Data entries
>>>

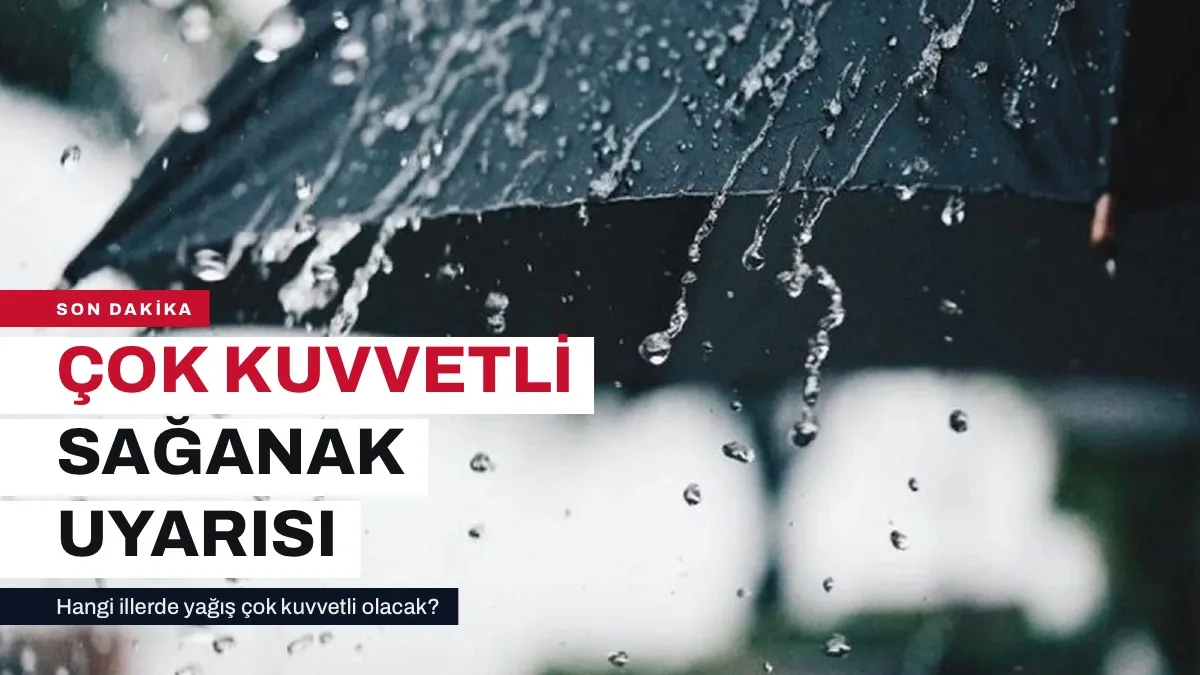 Yağmurlu havada şemsiyeyle yürüyen kişiler ve ıslak kaldırım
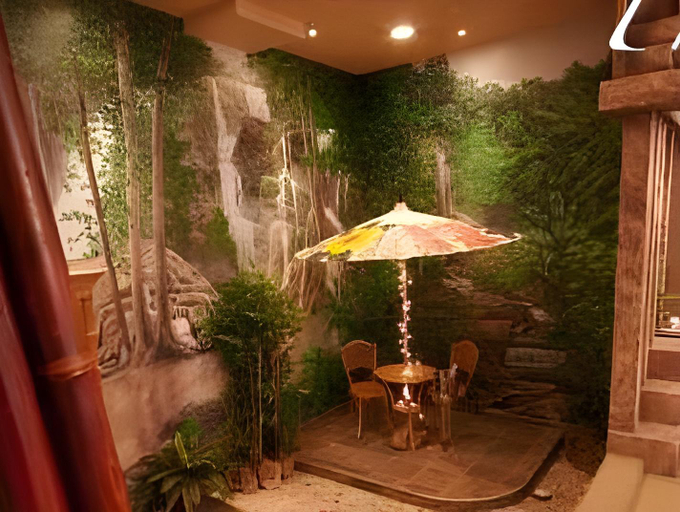 Others 5, Destinations Inn Theme Rooms, Bonneville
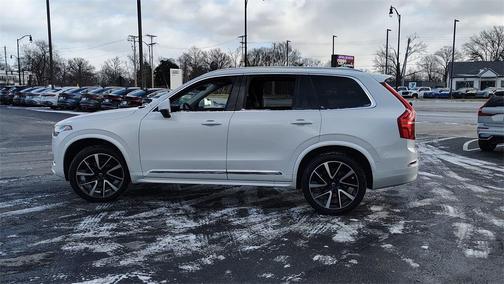 2024 Volvo XC90 B6 Plus Bright Theme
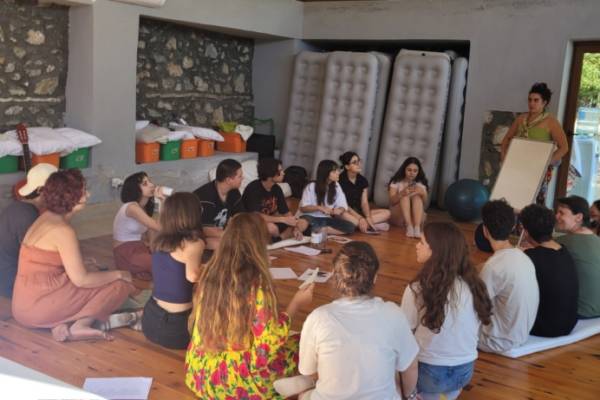 Muğla’da “Taş, Ses, Beden Atölyesi” Gerçekleştirildi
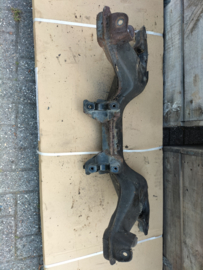 Subframe Nissan 54401-0M000 B13/ N14/ Y10 Gebruikt.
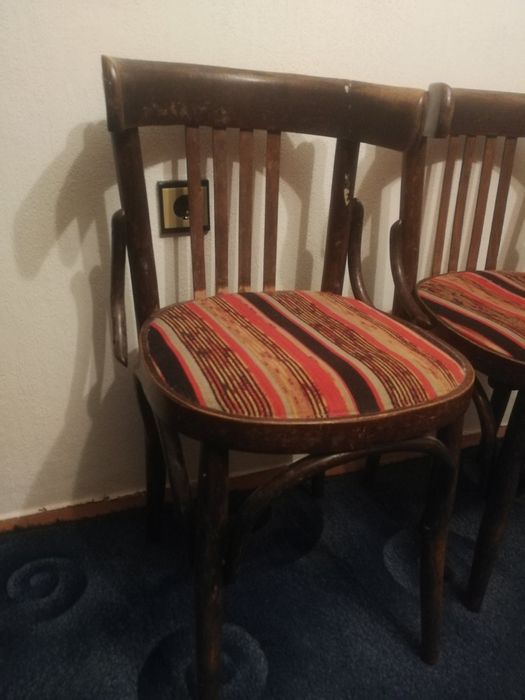 Столове Виенски - много стари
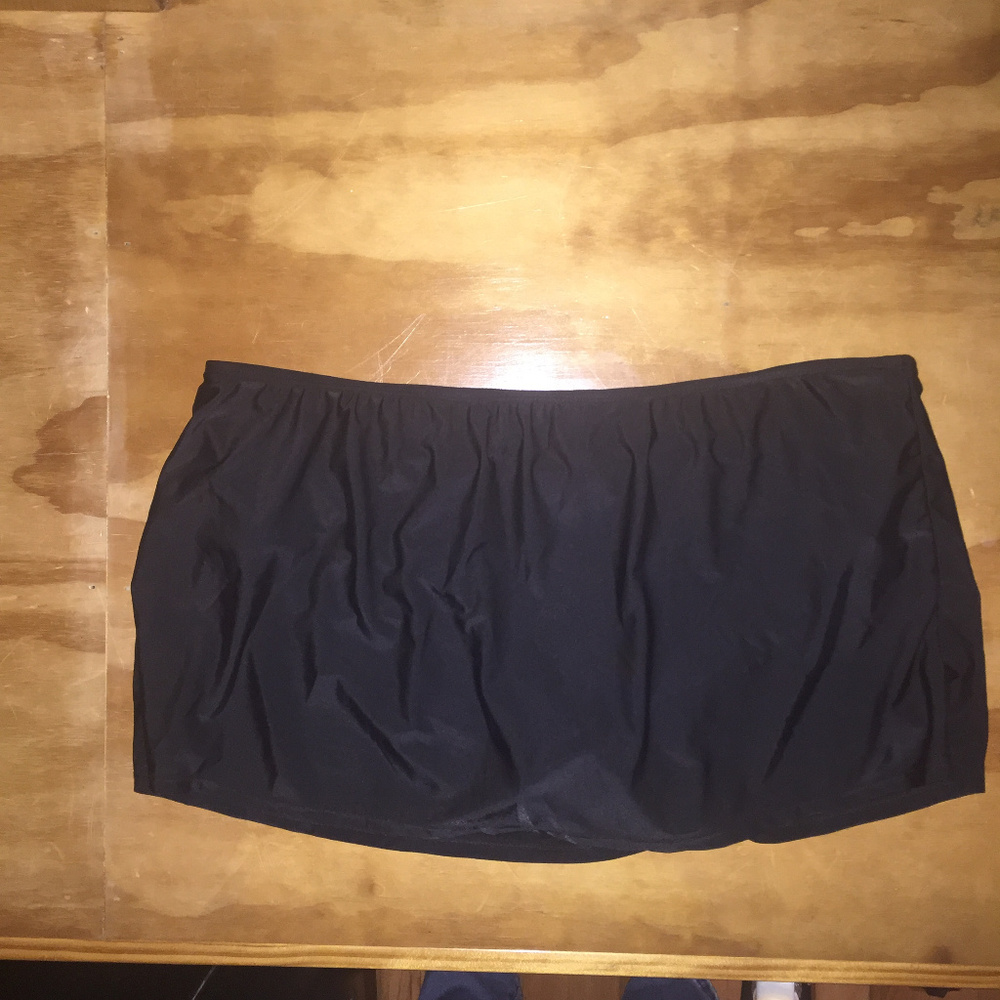 NEW! Catalina Swim Skirt XL (XL 16-18)
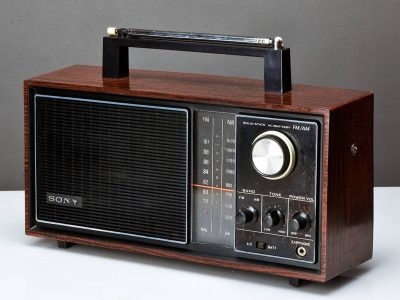 索尼 SONY TFM-9200 FM/AM 收音机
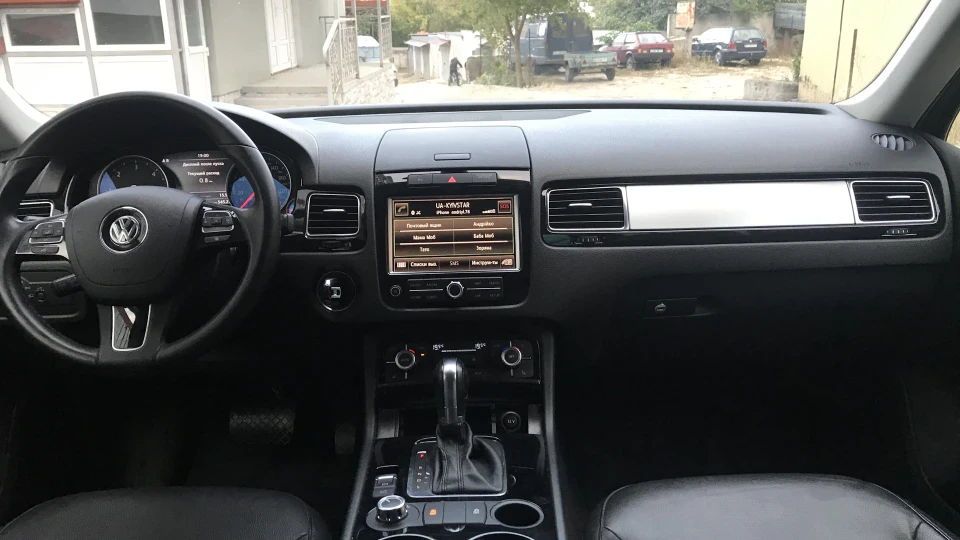 Volkswagen Touareg Чорний камаз 2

<<<

_DIRECTIONS:_
Give back, word for word, the lines from the line that contains "Subframe Nissan 54401-0M000" through the last line of the records, with no pictures and nothing else.

_EXERCISE RESPONSE:_
 Subframe Nissan 54401-0M000 B13/ N14/ Y10 Gebruikt.
 Столове Виенски - много стари
 NEW! Catalina Swim Skirt XL (XL 16-18)
 索尼 SONY TFM-9200 FM/AM 收音机
 Volkswagen Touareg Чорний камаз 2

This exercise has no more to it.